> _Your objective_
Transcribe every record without leaving anything out or changing a word.

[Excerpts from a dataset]
________
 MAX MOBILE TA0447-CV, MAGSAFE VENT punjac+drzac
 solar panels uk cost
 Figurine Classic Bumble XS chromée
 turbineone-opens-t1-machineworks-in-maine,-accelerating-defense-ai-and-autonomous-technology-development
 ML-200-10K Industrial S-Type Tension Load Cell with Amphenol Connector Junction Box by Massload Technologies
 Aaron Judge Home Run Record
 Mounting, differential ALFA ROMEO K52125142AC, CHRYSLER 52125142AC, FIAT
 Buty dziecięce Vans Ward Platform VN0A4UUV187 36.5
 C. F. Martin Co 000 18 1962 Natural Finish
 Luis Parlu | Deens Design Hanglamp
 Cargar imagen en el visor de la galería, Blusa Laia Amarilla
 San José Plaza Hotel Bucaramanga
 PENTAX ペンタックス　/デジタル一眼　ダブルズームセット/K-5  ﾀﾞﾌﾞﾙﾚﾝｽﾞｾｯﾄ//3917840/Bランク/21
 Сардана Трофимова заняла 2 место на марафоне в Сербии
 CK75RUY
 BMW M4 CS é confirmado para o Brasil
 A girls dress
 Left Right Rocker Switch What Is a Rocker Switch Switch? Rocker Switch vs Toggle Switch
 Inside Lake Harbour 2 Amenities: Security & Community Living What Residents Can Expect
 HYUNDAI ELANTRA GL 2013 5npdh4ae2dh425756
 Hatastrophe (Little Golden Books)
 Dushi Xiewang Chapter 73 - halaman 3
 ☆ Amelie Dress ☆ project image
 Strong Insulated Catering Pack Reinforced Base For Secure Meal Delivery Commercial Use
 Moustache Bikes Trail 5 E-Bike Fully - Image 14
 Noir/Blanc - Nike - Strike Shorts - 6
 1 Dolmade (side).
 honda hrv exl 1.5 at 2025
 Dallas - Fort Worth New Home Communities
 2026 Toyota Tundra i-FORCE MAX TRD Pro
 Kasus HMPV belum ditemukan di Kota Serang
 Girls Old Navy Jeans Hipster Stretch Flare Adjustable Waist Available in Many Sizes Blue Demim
________
> _Finished exercise_
 MAX MOBILE TA0447-CV, MAGSAFE VENT punjac+drzac
 solar panels uk cost
 Figurine Classic Bumble XS chromée
 turbineone-opens-t1-machineworks-in-maine,-accelerating-defense-ai-and-autonomous-technology-development
 ML-200-10K Industrial S-Type Tension Load Cell with Amphenol Connector Junction Box by Massload Technologies
 Aaron Judge Home Run Record
 Mounting, differential ALFA ROMEO K52125142AC, CHRYSLER 52125142AC, FIAT
 Buty dziecięce Vans Ward Platform VN0A4UUV187 36.5
 C. F. Martin Co 000 18 1962 Natural Finish
 Luis Parlu | Deens Design Hanglamp
 Cargar imagen en el visor de la galería, Blusa Laia Amarilla
 San José Plaza Hotel Bucaramanga
 PENTAX ペンタックス　/デジタル一眼　ダブルズームセット/K-5  ﾀﾞﾌﾞﾙﾚﾝｽﾞｾｯﾄ//3917840/Bランク/21
 Сардана Трофимова заняла 2 место на марафоне в Сербии
 CK75RUY
 BMW M4 CS é confirmado para o Brasil
 A girls dress
 Left Right Rocker Switch What Is a Rocker Switch Switch? Rocker Switch vs Toggle Switch
 Inside Lake Harbour 2 Amenities: Security & Community Living What Residents Can Expect
 HYUNDAI ELANTRA GL 2013 5npdh4ae2dh425756
 Hatastrophe (Little Golden Books)
 Dushi Xiewang Chapter 73 - halaman 3
 ☆ Amelie Dress ☆ project image
 Strong Insulated Catering Pack Reinforced Base For Secure Meal Delivery Commercial Use
 Moustache Bikes Trail 5 E-Bike Fully - Image 14
 Noir/Blanc - Nike - Strike Shorts - 6
 1 Dolmade (side).
 honda hrv exl 1.5 at 2025
 Dallas - Fort Worth New Home Communities
 2026 Toyota Tundra i-FORCE MAX TRD Pro
 Kasus HMPV belum ditemukan di Kota Serang
 Girls Old Navy Jeans Hipster Stretch Flare Adjustable Waist Available in Many Sizes Blue Demim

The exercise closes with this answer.